By taking full advantage of WebAssembly and web worker, the final result shows over 19 times speedup on CPU with four cores.
What are the obstacles in scaling this architecture to run JS or WebAssembly modules on the edge to enable training across devices? Some CDN providers (e.g. Cloudflare, Fastly) seem to have products for running JS and Wasm modules on their edge network.
The Machine Learning on the Web for content filtering applications talk by @shoniko brings up a point on how federated learning could help in the context of content filtering applications, quoting:
And lastly, I wanted to say that, as I started with that, everything starts with the community of people who write the filter lists.
And we certainly want to ensure that the community of people as always is also able to maintain the models.
So for that, we are very interested in federated learning problems and how they relate to Web Neural Networks.

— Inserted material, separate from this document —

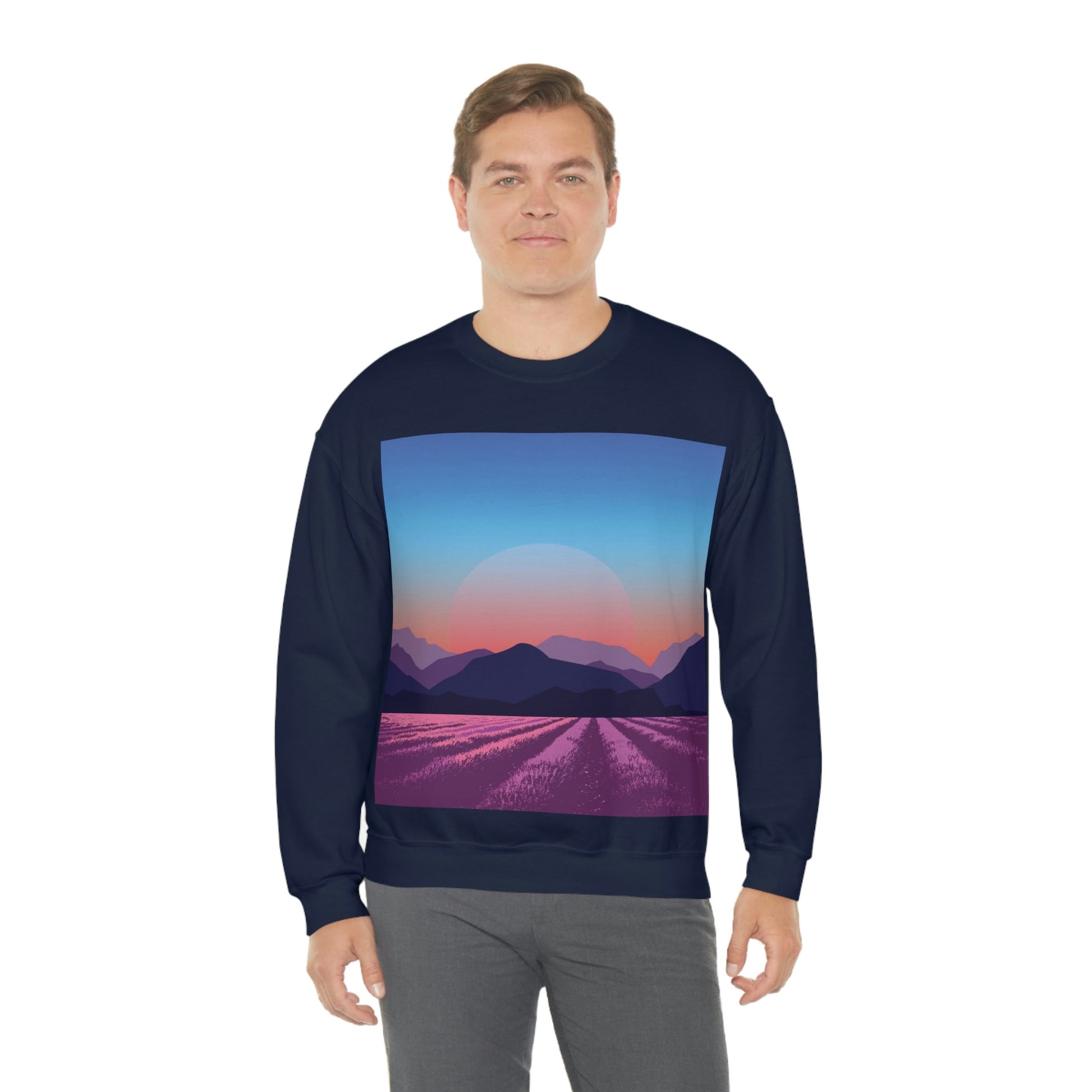 Provence Landscape Lavender Minimal Art Unisex Heavy Blend™ Crewneck Sweatshirt Ichaku [Perfect Gifts Selection]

And we have experimented with TFJS a little bit, but we wanted to understand how Web Neural Networks API would interact with federated learning problems.
Training is out of scope for the initial version of the Web Neural Network API, but could be considered in a future version. In order to make a stronger case for inclusions of training capabilities, real-world usages such as those discussed in this issue help raise the priority. An additional consideration is the availability of respective platform APIs.

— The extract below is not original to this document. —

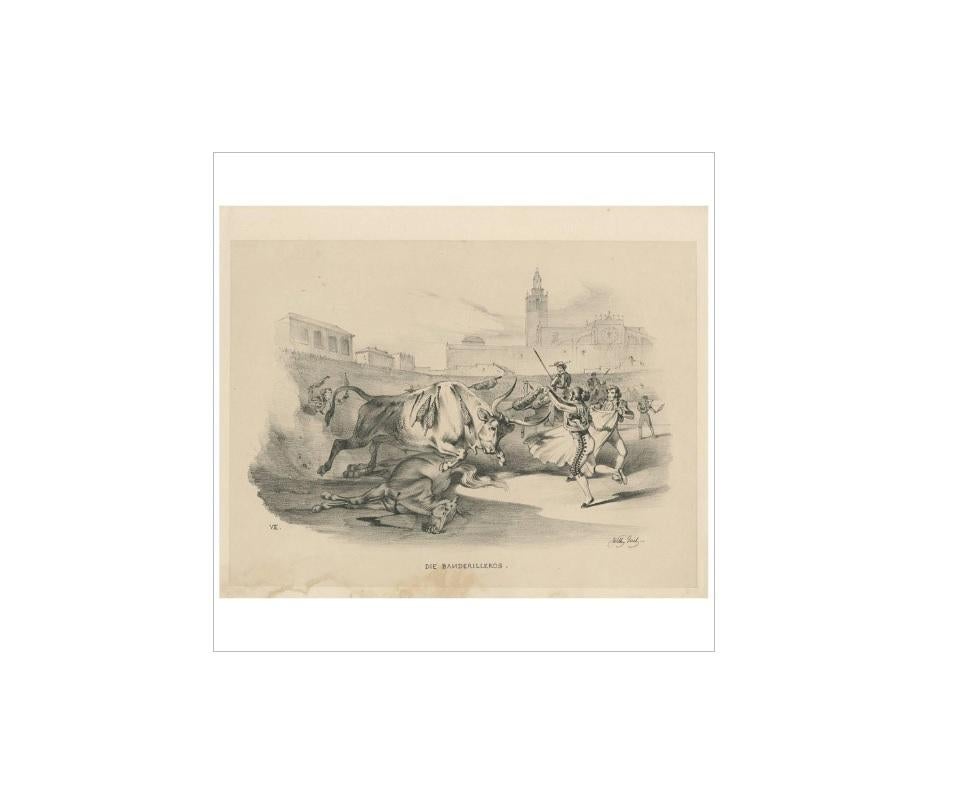 Antique Print 'No. VII' of Bull Fighting 'Spain' by W. Gaïl, circa 1834 In Good Condition For Sale In Langweer, NL
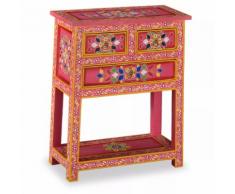 vidaXL Credenza con Cassetti in Massello di Mango Rosa Dipinta a Mano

There are a couple of relevant papers, for instance,
- mobile web workers, presented in the Web&Networks IG (see slides) and published in ACM (with a good overview and tests on the workload migration process),
- Liquid Web Workers,
- Akamai Edge Workers,
- Cloudflare workers,
and many others.
The APIs, challenges and findings are (not surprisingly) somewhat similar, so they provide a consistent background for compute offload, be it for training or inference. These are generic compute offload mechanisms, though.
From the training use case point of view, app-specific job splitting, orchestration, privacy aspects of compute offload need to be explored yet.
I think this is a great idea. Esp., the DNN, which accuracy generally depends on the number of the learning data would have a big impact to improve. To maintain the quality of data, the Blockchain technology will help much.